↓↓↓
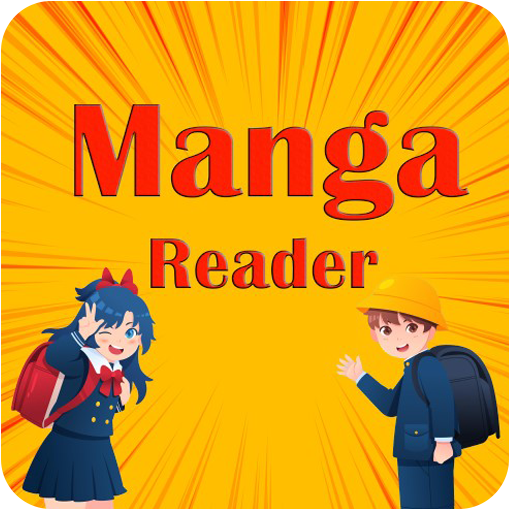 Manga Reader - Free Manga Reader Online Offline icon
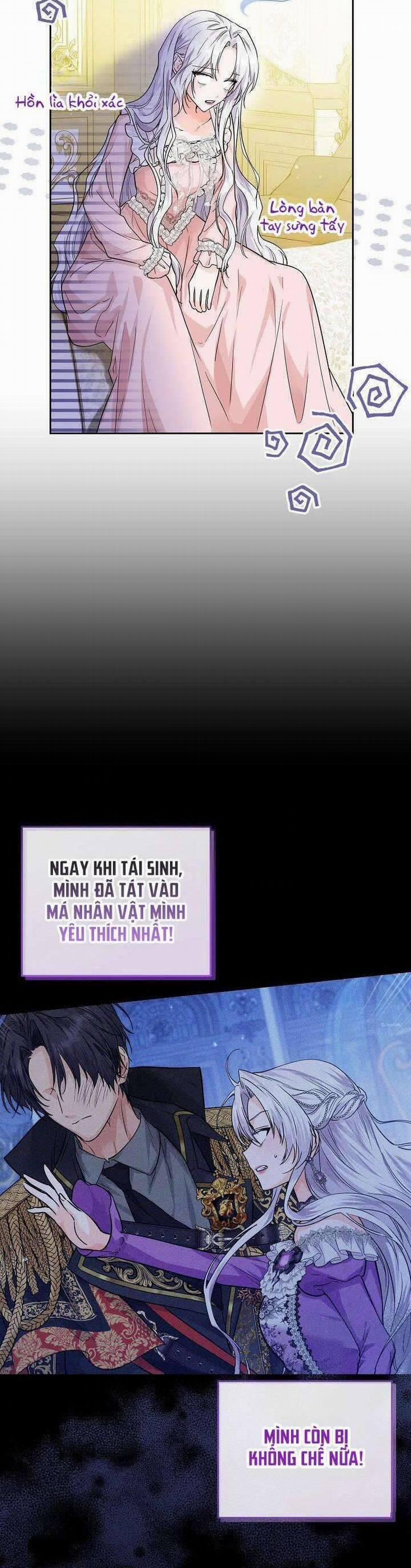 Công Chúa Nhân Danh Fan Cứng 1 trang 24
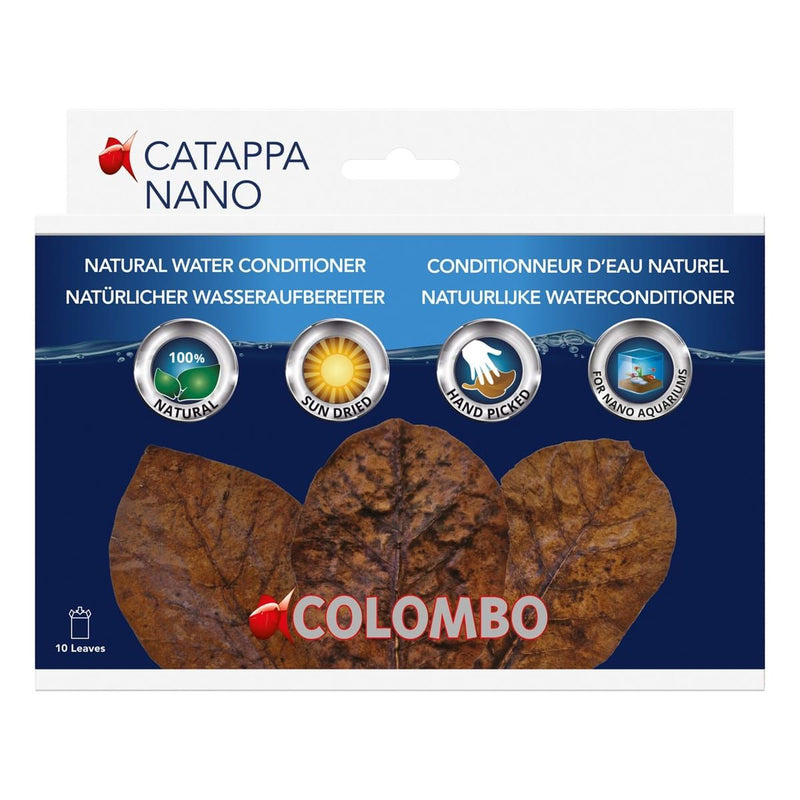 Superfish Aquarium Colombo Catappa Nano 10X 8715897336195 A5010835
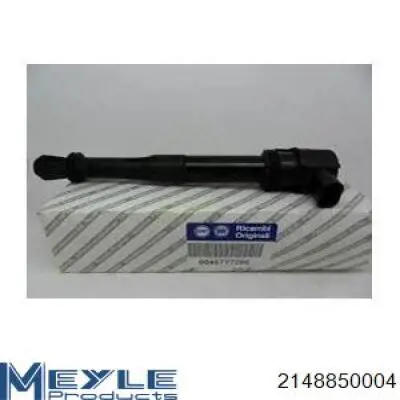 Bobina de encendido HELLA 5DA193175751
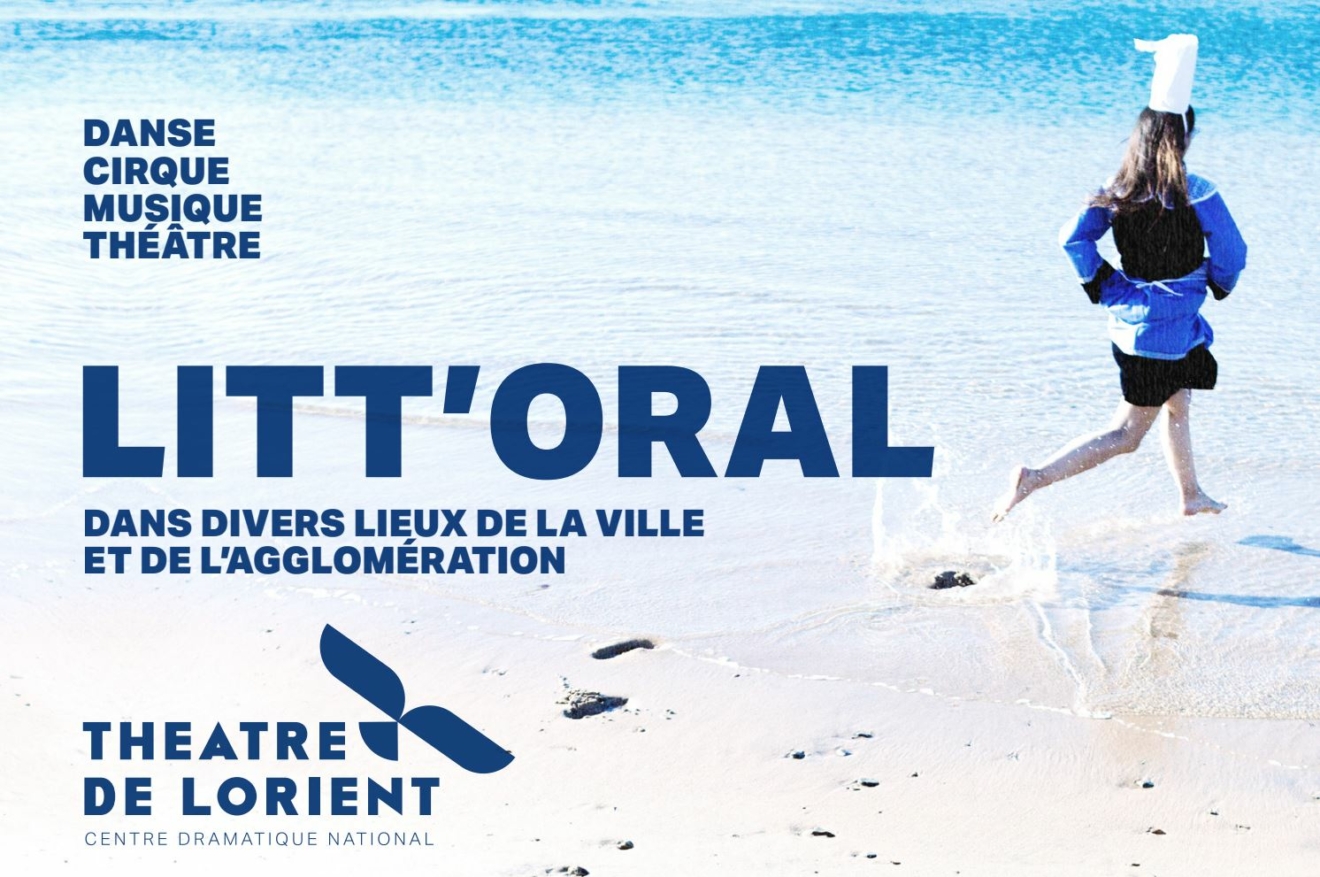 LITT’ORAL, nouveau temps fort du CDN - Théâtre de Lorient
↑↑↑
↓↓↓
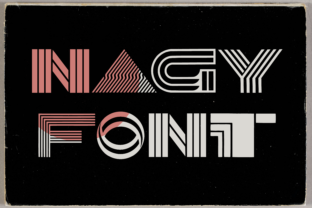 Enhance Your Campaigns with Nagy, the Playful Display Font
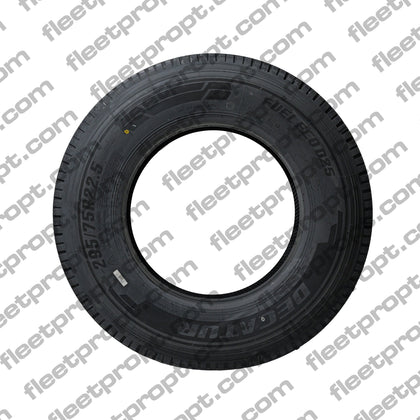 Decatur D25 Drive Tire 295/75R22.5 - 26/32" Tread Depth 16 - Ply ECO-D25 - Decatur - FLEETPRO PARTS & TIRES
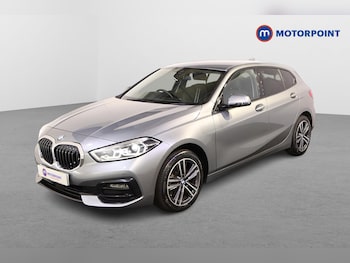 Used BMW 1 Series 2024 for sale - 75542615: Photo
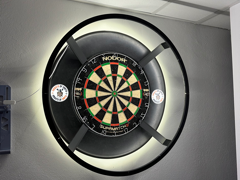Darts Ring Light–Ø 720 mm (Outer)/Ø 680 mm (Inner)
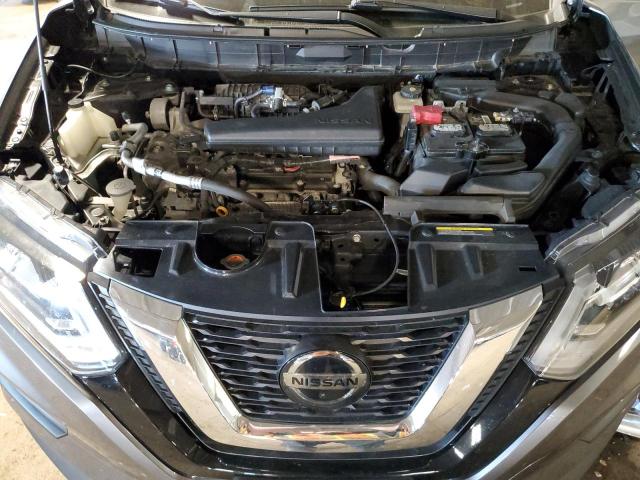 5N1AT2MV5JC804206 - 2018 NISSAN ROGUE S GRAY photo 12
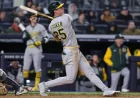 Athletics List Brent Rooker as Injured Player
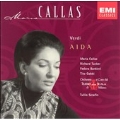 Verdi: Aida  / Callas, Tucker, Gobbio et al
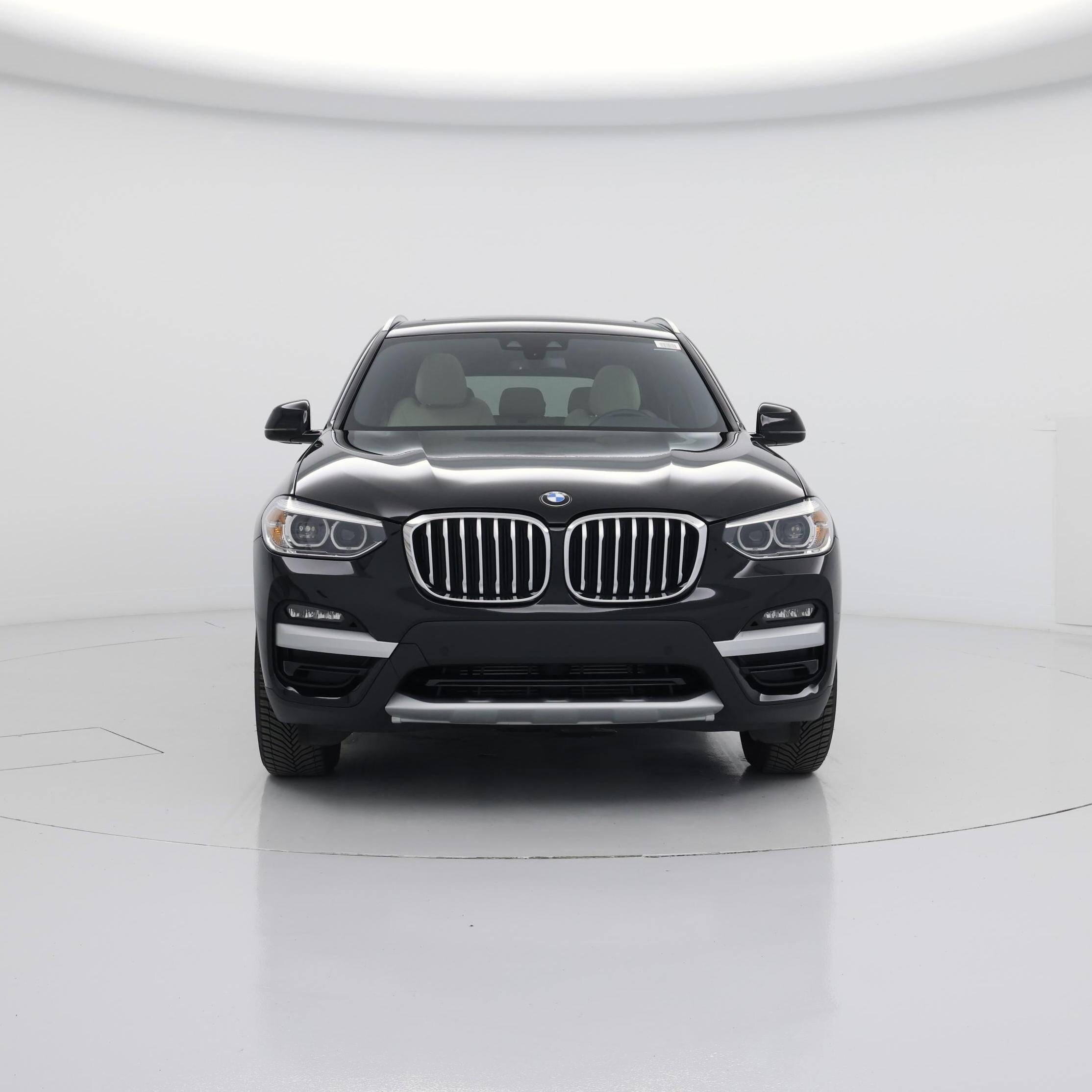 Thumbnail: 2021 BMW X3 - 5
↑↑↑
↓↓↓
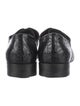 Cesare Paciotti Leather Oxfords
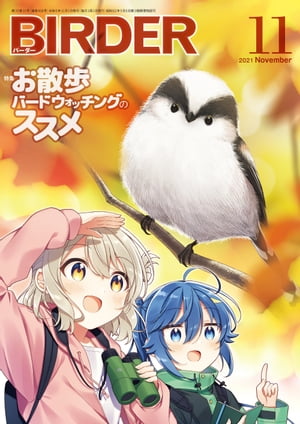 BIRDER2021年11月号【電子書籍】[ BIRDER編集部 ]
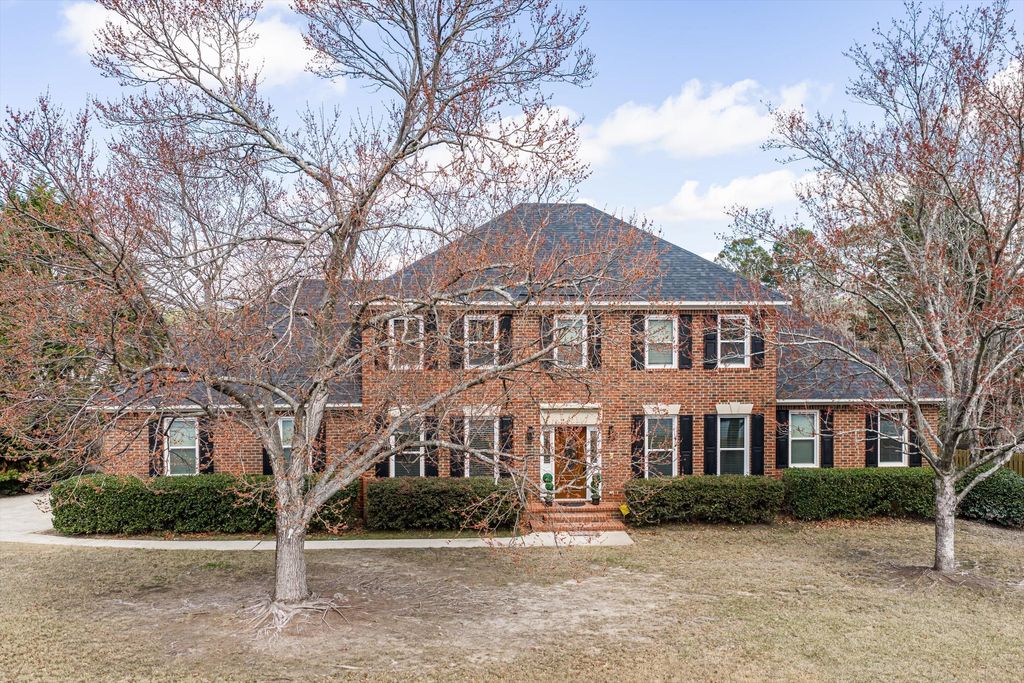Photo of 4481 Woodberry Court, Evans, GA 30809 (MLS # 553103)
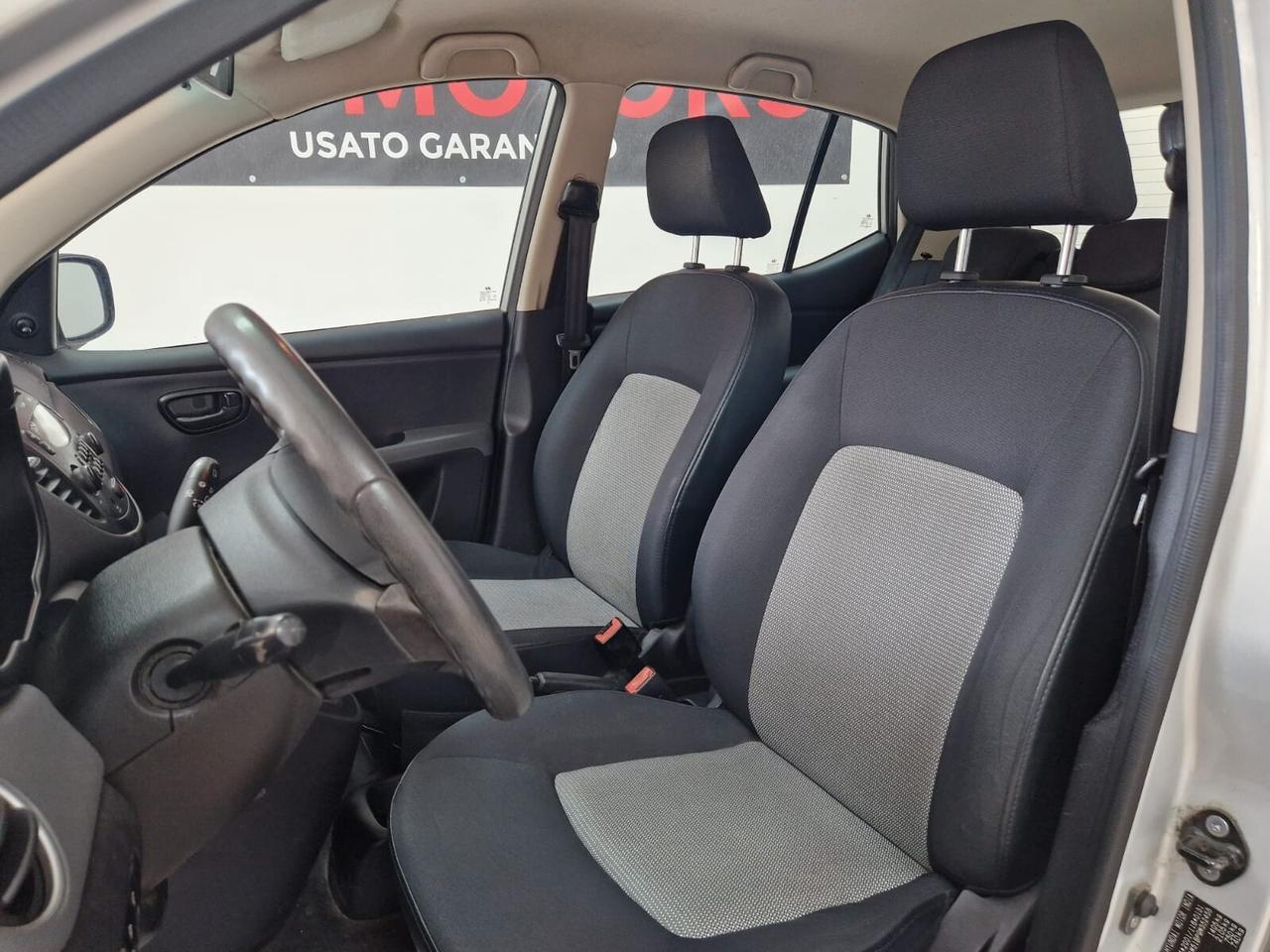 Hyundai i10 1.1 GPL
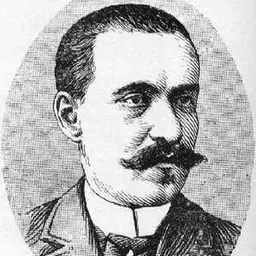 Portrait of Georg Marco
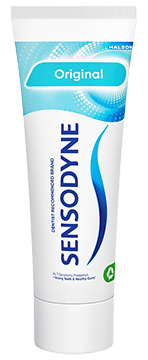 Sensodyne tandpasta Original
↑↑↑
> [PROBLEM TO SOLVE]: What belongs in the answer is each line above from the line with "Photo of 4481" to the line with "Sensodyne tandpasta Original", inclusive, reproduced exactly and free of pictures.

> [ANSWER BOX]:
Photo of 4481 Woodberry Court, Evans, GA 30809 (MLS # 553103)
 Hyundai i10 1.1 GPL
 Portrait of Georg Marco
 Sensodyne tandpasta Original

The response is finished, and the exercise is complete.